最弱の時より出会った人間だったが、我が考えているよりも早く覚醒してしまった。
闇黒の王の血を継いでいたとはいえ、ああも憎悪に引っ張られてしまうとは、我も想定していなかったことだ。
くくく……かつての王は、アレで隠れたつもりのようだがライゼルを導くまでは、見逃しておいてやる。
闇黒の時代。
思い出したくも無いが、力無き悪魔族を排除し続けた王めが……よもや、その血を受け継がせるとはな。
ライゼルに罪など無い。
我に頼ることを当たり前と思われても、覚醒など成しえぬこと。
くく、我に会いたくば、ライゼル自身で運命を決めろ。我がお前の前に姿を見せる時は、その時だ。
「トルエノちゃん、今度はどこへ行くの~?」
「くくく、イビルの養分が蓄えられそうな所なら、どこででも行く」
「ほんと~? じゃあね、ライゼルちゃんが育った所に行きたいの~」
「……ライゼルの? あの村には何も無いはずだが……」
「ううん~ライゼルちゃんが残して行ったものが、きっとあるよ~」
地中に眠っていたマンドレイクであるイビルは、ライゼル自身が召喚出来た植物妖精だが、何を考えているか未だに不明だ。
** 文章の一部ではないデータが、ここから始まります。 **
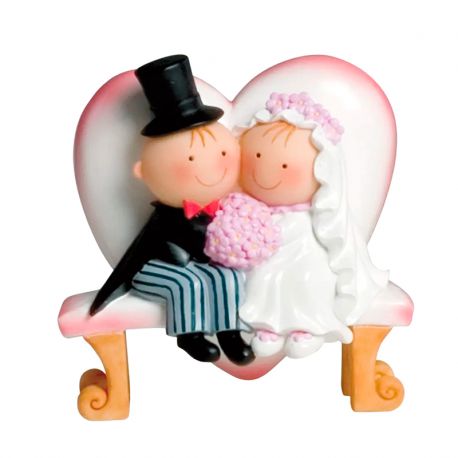 Pit y Pita novios sentados en un banco con forma de corazón, figura para tartas de boda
毒々しさも消え失せ、ライゼルを気にしている素振りさえも見せない。
この女も油断ならぬが、もっとも油断してはならないのは、ライゼルの母として生きて来たあの女の存在だ。
ライゼルがいた村に必ず、戻っている筈だが鉢合わせをすべきかどうか……。
「もしかして、村に戻るのが怖い~?」
「ライゼルにしたことを誰が苛む? くく、我は怖いものなどない」
「じゃあじゃあ、トルエノちゃん行こう~!」
「……」
あるじ無き始まりの村に、女たちが集まるか。
ライゼル……運命を決め、滅したことを悔やんだのであれば、我の元へ戻ることだ。
我は闇黒のあの王……お前の父親とは違う。